El nuevo Gobierno se esfuerza por dar una imagen de agilidad en el análisis de situaciones y en la toma de decisiones. Las reuniones con la comunidad de desalojados de El Espino muestran un deseo claro de responder adecuadamente a gente que está viviendo en la calle. Y el plazo de setenta y dos horas dado a las empresas de telefonía para que bloqueen la señal en las cárceles contrasta con la lentitud de las administraciones anteriores, cuyos funcionarios se caracterizaron en general por ser muy amplios en discursos, pero muy débiles en la acción. Otras decisiones con búsqueda de solución inmediata han mostrado eficacia, a pesar de que los miembros del Gabinete acaban de asumir la compleja tarea de gobernar. Y es precisamente en la complejidad gubernamental e institucional donde se van observando fallos.
Luchar contra el nepotismo es positivo. Actuar con rapidez si existen pruebas claras también lo es. Pero realizar despidos masivos como método para luchar contra ese tipo de corrupción laboral no es el mecanismo adecuado ni respeta los derechos de los trabajadores. Mientras la comunidad internacional aprueba por muy amplia mayoría en la OIT nuevos convenios de protección de los trabajadores, el país no puede dar marcha atrás y ejecutar despidos sin que medie una investigación rigurosa. Asimismo, trasladar de cárcel a delincuentes peligrosos puede ser una buena medida si estos han logrado privilegios o controlan algunos aspectos de la vida carcelaria. Sin embargo, exhibir a privados de libertad esposados, en calzoncillos, descalzos e inclinados bajo la amenaza de unos policías enmascarados y con garrotes no es coherente con los derechos de los presos ni con convenciones internacionales, como la que prohíbe tratos crueles y degradantes.
Aunque todavía es demasiado pronto para juicios de fondo, conviene hacer recomendaciones desde ya. Los Gobiernos anteriores —de diferente ideología pero muy semejantes resultados— se caracterizaron por aparentar respeto a la institucionalidad mientras daban rienda suelta a una voracidad corrupta que se cebó en los recursos públicos. La institucionalidad se respetaba según las conveniencias o por obligación, pero no por gusto ni vocación. No en balde al actual Gobierno se le pide que respete la institucionalidad. Su afán de efectividad le lleva con frecuencia a saltarse procedimientos y normas. Así como no debía guardarse silencio ante la hipocresía de quienes violaban a su antojo aspectos básicos de la institucionalidad mientras hablaban en favor de ella, hay que señalar críticamente esta especie de descaro juvenil que privilegia la rapidez de los hechos en desmedro de las normas establecidas.
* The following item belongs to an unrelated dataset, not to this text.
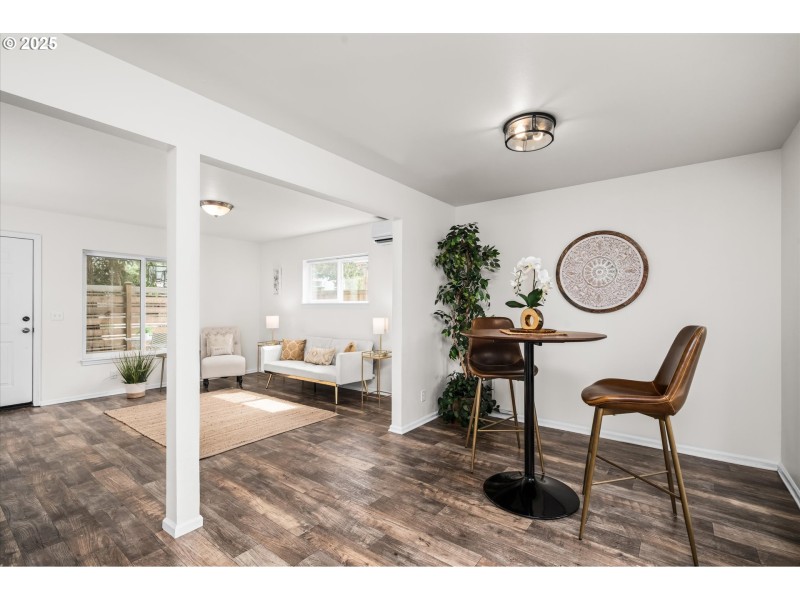 Living Room/Dining Room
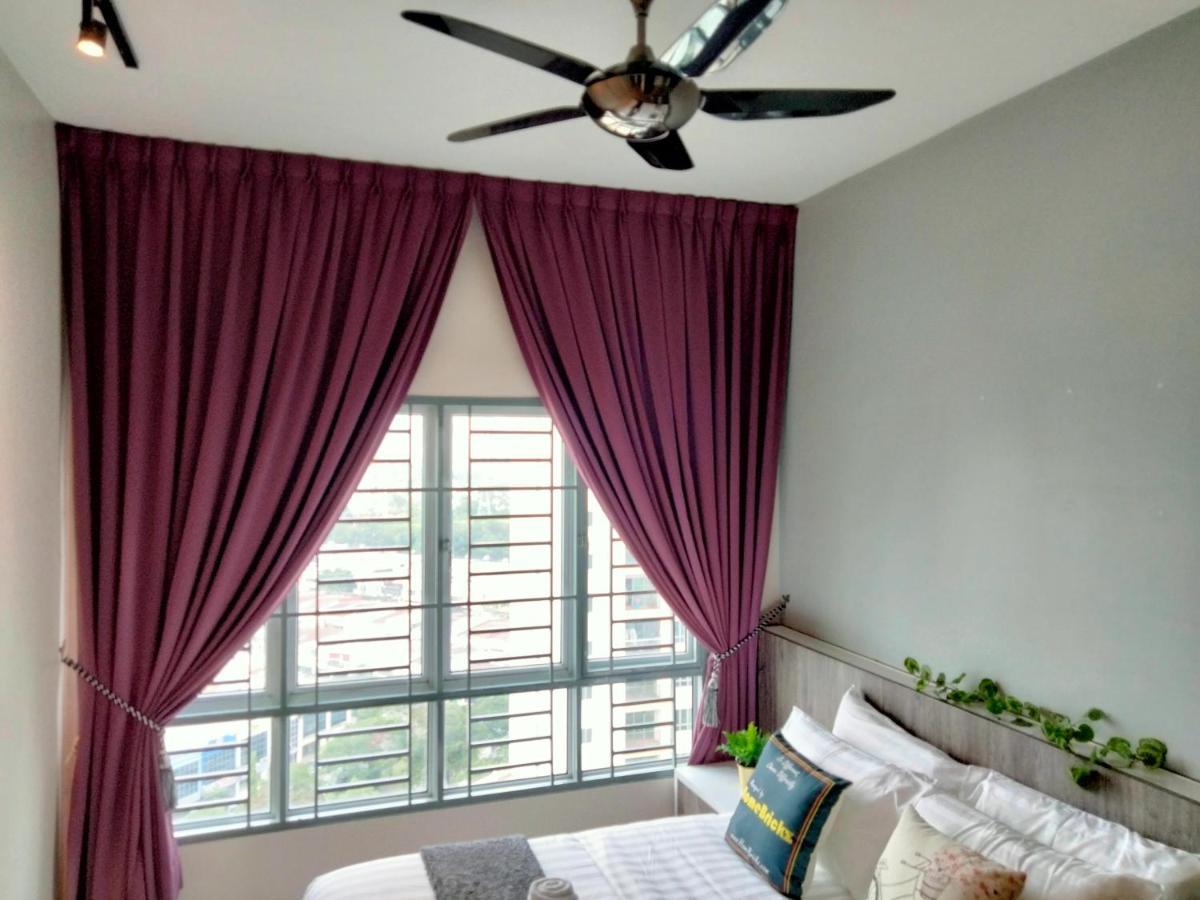 Apartamento Oug Signature 3br 6pax Old Klang Road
Por tradición, a todo Gobierno que inicia se le da el privilegio de la duda. Al de Nayib Bukele le han caído encima desde el principio comentaristas y personalidades que no tenían mucho interés en la institucionalidad cuando recibían favores, salarios o sobresueldos de políticos o gobernantes corruptos. Pero ello no obsta para que el llamado a respetar la institucionalidad sea necesario, como también lo es animar e incluso apoyar el afán de dar respuesta rápida y eficiente a los problemas de la gente. Mejor aún, no solo apoyar al nuevo Gobierno frente a los problemas coyunturales, sino también frente a los estructurales. Sin una calidad educativa universalizada, sin un sistema de salud eficiente para todos, sin una seguridad ciudadana que respete los derechos humanos, las soluciones coyunturales tienden a alimentar un círculo vicioso del que a la larga nadie se beneficia. Generar políticas de Estado y emprender reformas estructurales, sabiendo que ello tiene que ser parte de un diálogo honesto y serio con diversas instituciones, es fundamental para el desarrollo de El Salvador.